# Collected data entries
◆ ◆ ◆ ◆

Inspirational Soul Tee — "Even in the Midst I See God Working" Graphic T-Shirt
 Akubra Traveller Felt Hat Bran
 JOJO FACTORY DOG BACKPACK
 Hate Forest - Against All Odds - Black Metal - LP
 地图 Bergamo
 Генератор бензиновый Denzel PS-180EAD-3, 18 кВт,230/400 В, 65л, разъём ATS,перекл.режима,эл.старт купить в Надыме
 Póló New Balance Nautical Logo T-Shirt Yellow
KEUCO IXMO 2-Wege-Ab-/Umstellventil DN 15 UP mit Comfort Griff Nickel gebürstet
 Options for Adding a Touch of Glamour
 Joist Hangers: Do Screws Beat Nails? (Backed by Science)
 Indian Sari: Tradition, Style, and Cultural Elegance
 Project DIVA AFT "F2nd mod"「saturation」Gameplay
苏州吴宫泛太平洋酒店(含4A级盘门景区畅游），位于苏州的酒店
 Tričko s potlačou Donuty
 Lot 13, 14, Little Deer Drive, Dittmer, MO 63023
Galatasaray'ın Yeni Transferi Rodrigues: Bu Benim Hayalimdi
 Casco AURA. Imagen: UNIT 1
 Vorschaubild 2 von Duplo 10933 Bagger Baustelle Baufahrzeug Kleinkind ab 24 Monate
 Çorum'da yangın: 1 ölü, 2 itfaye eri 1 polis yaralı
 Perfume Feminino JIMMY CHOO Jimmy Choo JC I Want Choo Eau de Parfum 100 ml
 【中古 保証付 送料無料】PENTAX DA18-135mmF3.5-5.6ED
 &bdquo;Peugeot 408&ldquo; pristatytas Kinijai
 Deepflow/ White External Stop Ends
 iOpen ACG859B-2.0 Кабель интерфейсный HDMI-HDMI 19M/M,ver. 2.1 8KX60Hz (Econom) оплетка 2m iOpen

◆ ◆ ◆ ◆

# PROBLEM
Every line above from the line with "Akubra Traveller Felt Hat Bran" to the line with "Генератор бензиновый Denzel" is wanted, ends included; write them out exactly and add no other line.

# EXERCISE RESPONSE
 Akubra Traveller Felt Hat Bran
 JOJO FACTORY DOG BACKPACK
 Hate Forest - Against All Odds - Black Metal - LP
 地图 Bergamo
 Генератор бензиновый Denzel PS-180EAD-3, 18 кВт,230/400 В, 65л, разъём ATS,перекл.режима,эл.старт купить в Надыме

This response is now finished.